Exercise:
Directions for the data below: repeat exactly the lines from the one with "Lene Bjerre Viselle" through the one with "Zizzi gebloemde midi jurk Plus Size – blauw", both included, and omit all pictures.

Material provided:
· · · ·

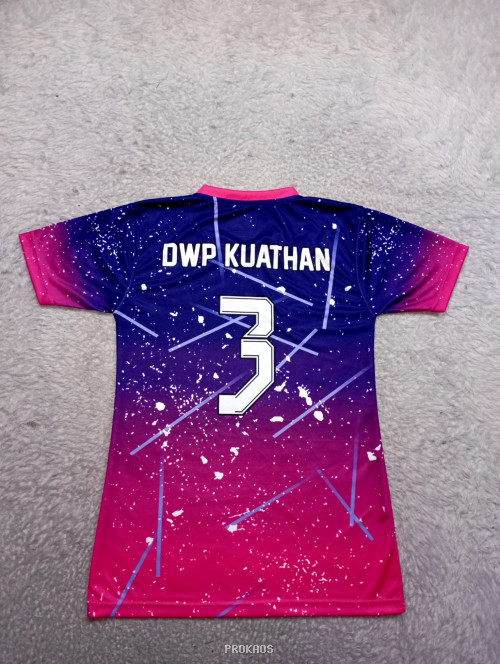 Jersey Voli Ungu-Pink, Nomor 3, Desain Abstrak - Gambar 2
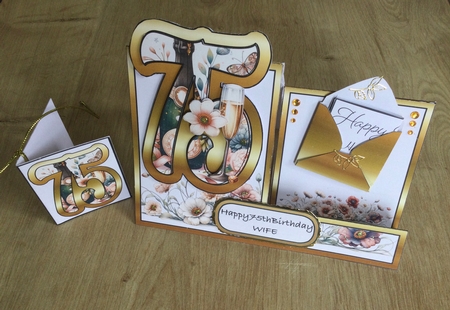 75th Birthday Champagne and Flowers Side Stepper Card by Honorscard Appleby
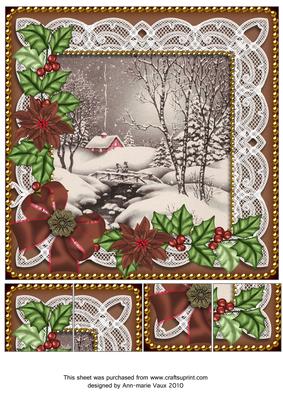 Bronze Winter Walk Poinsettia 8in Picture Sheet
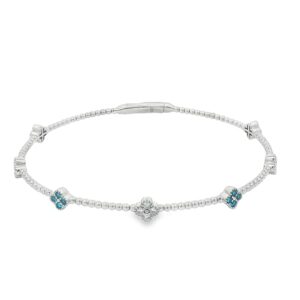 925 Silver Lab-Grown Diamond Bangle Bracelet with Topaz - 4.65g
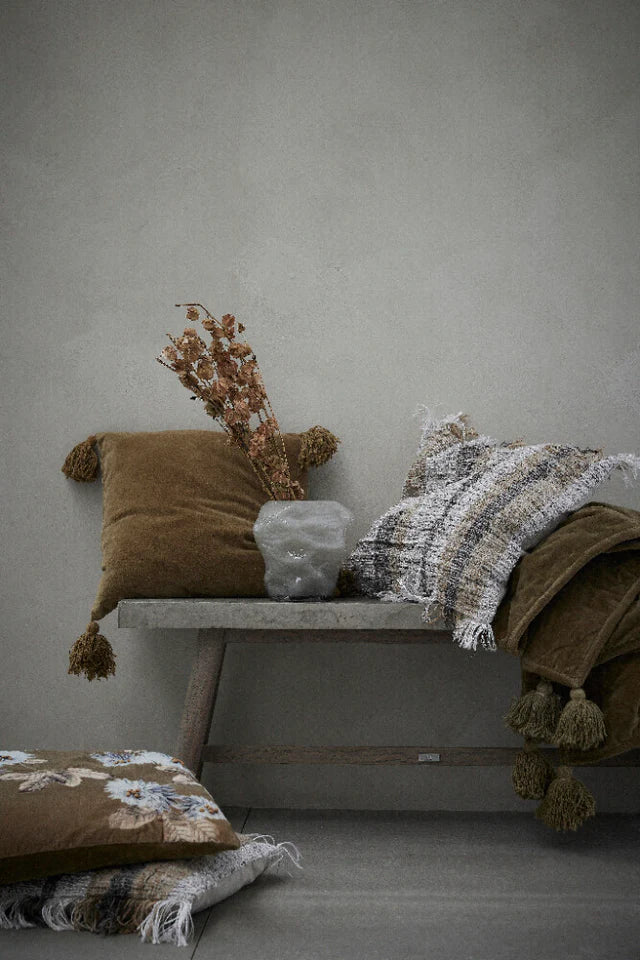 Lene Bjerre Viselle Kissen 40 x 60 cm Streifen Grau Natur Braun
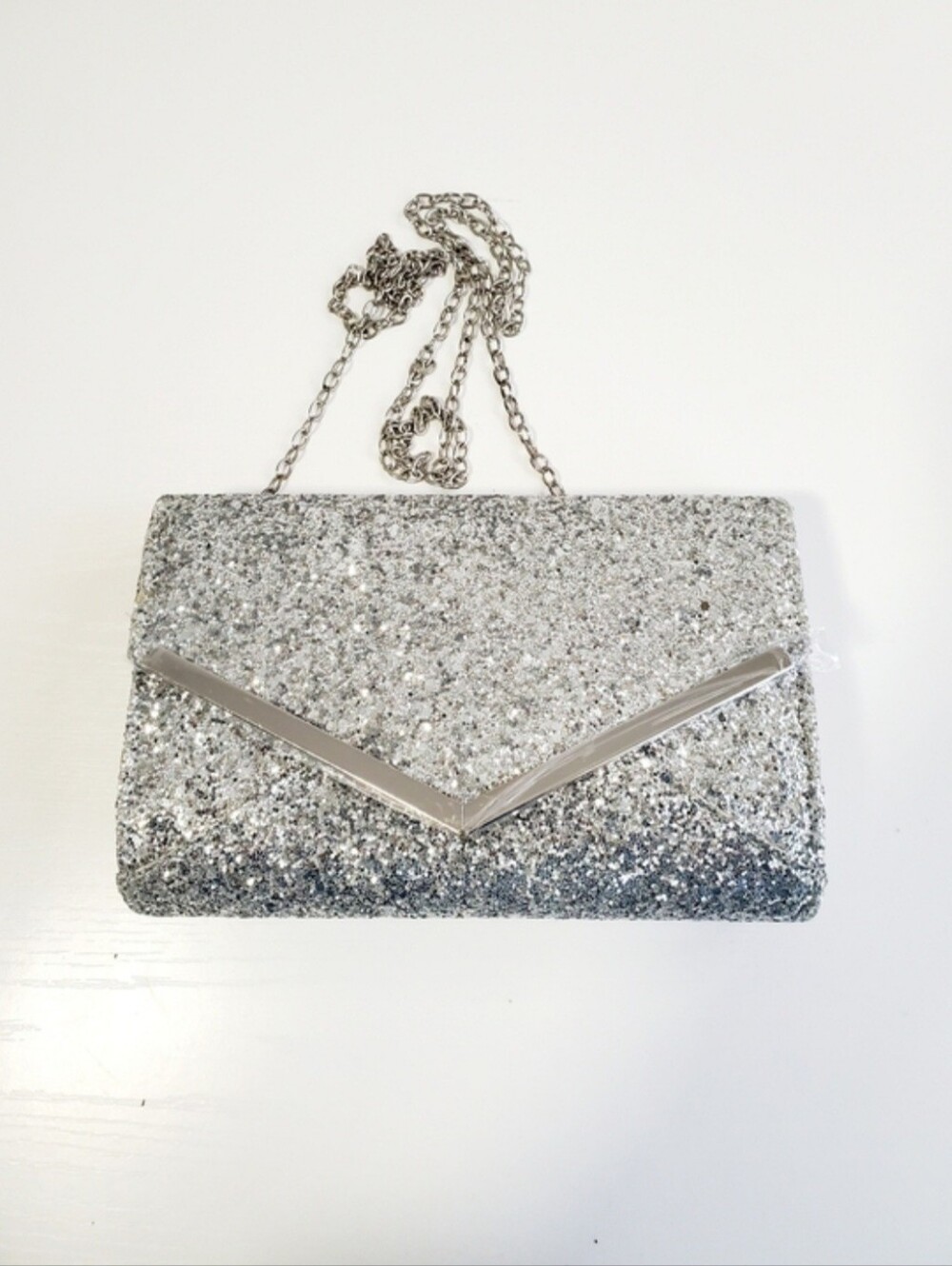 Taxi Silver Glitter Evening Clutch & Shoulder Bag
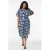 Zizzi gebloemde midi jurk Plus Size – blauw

· · · ·

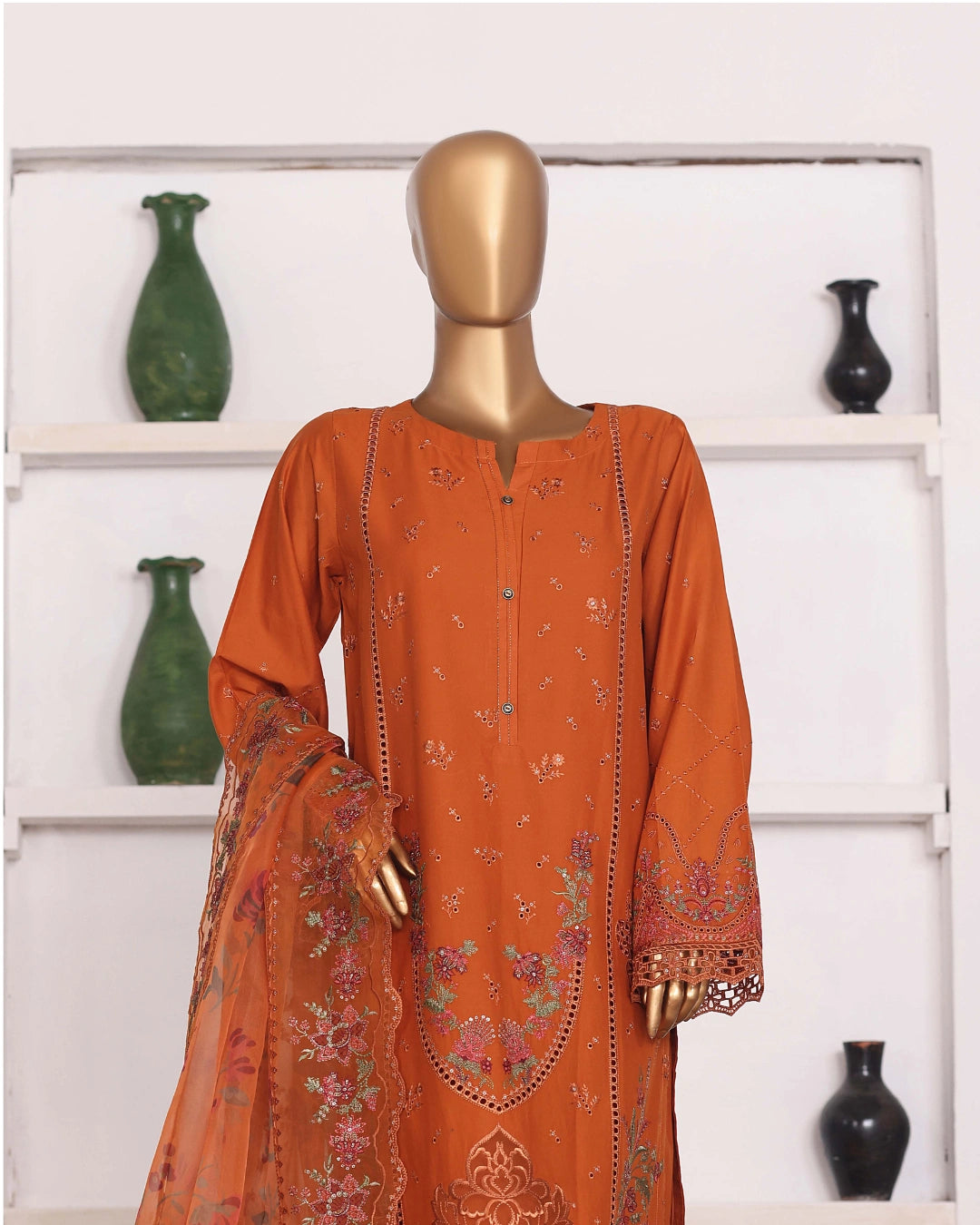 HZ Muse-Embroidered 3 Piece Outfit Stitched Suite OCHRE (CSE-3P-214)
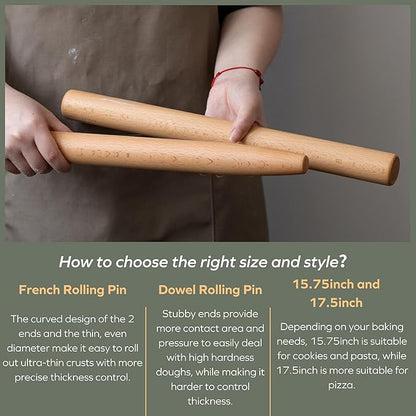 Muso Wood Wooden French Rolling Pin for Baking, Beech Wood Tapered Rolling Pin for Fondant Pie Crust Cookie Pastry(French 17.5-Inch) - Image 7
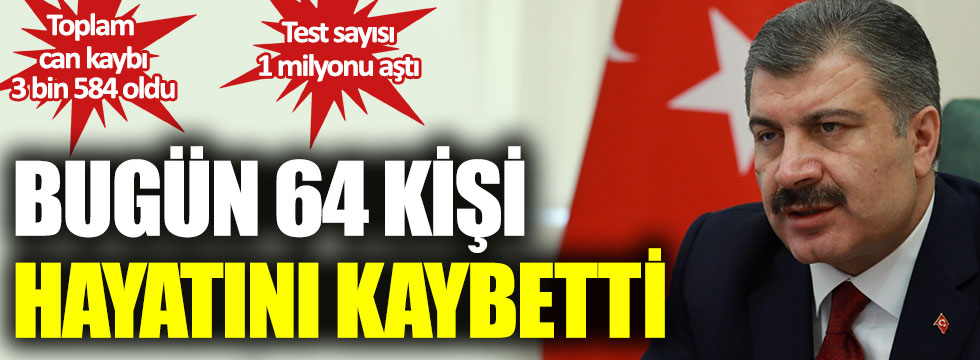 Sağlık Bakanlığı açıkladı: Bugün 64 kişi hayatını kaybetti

· · · ·

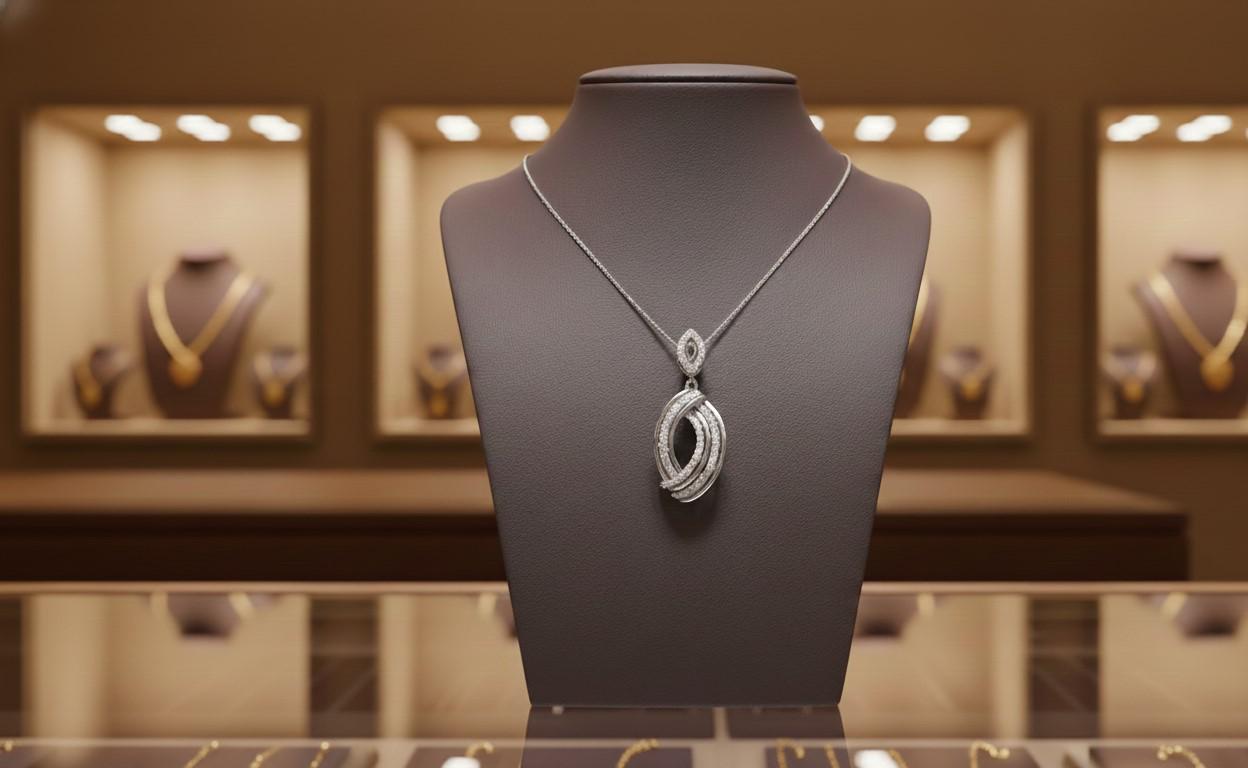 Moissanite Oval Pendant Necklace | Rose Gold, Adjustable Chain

· · · ·

Written response:
 Lene Bjerre Viselle Kissen 40 x 60 cm Streifen Grau Natur Braun
 Taxi Silver Glitter Evening Clutch & Shoulder Bag
 Zizzi gebloemde midi jurk Plus Size – blauw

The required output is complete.